Autumn weather is finally coming to Tokyo, which means some beautiful weather mainly and also some rain when there is a typhoon. The temperature is also changing a lot and tonight is quite chilly and rainy, so a warm dinner was naturally my only option. This is the season for delicious Hokkaido autumn salmon 秋鮭, when the fishes come back to their original rivers. They sell it in quite large filet pieces, so I usually use it for two or three different recipes. This time I decided to prepare it in a kind of soup, very likely inspired by my nordic cooking book but with common Japanese ingredients.

Autumn salmon soup 

 – a piece of fresh autumn salmon

– 1/2 sweet potato  

– a large handful of mulukhiyah  – salt and pepper. 

First grill the salmon, in the pan in which you want to make the soup, on both sides. Then remove the skin and cut in pieces and pit back in the pan. Actually rather than cutting I simply used a spoon and broke the salmon. Cut the sweet potato in dice and in a pan. Add salt and pepper. Start cooking while stirring. Add 1/2L pf water. Cook under cover until the sweet potato is soft. Add the washed and cut mulukhiyah. Cook a few more minutes. Serve while hot.

Some kinds of pizza

I can’t realize that we are moving in 10 days. It’s seems so far away and so close at the same time, there is so much at work at the same time that it is hard to realize. I’m quite excited because I will have a new kitchen to play with and a bigger oven in Tokyo than my mini one. At the same time I will bring my mini oven to work, which means that I could cook more at work!!! Speaking of ovens, recently I’ve been making things that look like pizze but are not trully ones. May be I was inspired by the macrobiotic aburage (fried tofu) pizza I saw on IG by @rikako.salon_de_r. Once I made the base crust was a pie crust with whole wheat flour, topped with tomatoes, eggplants and red bell peppers, rosemary and olive oil (bottom picture). The second time I made a fougasse or focaccia preparation then topped it with blanched spinaches, cherry tomatoes and for those who like, fresh mozzarella from Isumi (top pictures).

These are perfect for still hot sunny days of September, using the last of the summer vegetables, good eaten just out of the oven or cold. 

Brown rice

When we are in Isumi I like to go to Rice Terrace restaurant for a macrobiotic lunch outdoor, but I don’t like to go when it rains because the whole place is designed to enjoy being outside and there are usually too many families and it can become very noisy.
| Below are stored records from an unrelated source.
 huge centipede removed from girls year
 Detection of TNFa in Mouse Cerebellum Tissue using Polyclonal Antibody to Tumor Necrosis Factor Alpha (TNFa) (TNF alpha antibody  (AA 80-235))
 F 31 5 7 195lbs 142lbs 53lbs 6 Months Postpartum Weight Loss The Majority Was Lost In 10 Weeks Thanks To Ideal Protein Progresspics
Luckily we found an other macrobiotic cafe, opened not far away, by a young guy that use to work at Rice Terrace. His cafe is a small simple and usually quiet place and he makes a wonderful colorful soup curry that I love when it rains. What I love with Japanese macrobiotic cooking is the brown rice, the herbs and spices on top of the fresh seasonal ingredients (that I cook all the time). I try sometimes to cook macrobiotic at home: ie. replace the white rice or pasta… by brown rice, and add a few more spices and herbs. This time I made a leftover preparation with the vegetables that were left on the fridge: spinach, ripe tomato, sweet potato. I just added some anis seeds and cooked everything in a pan with a very little bit of oil. Added to the cooked brown rice, that’s it… my version of macrobiotic super simple meal!!!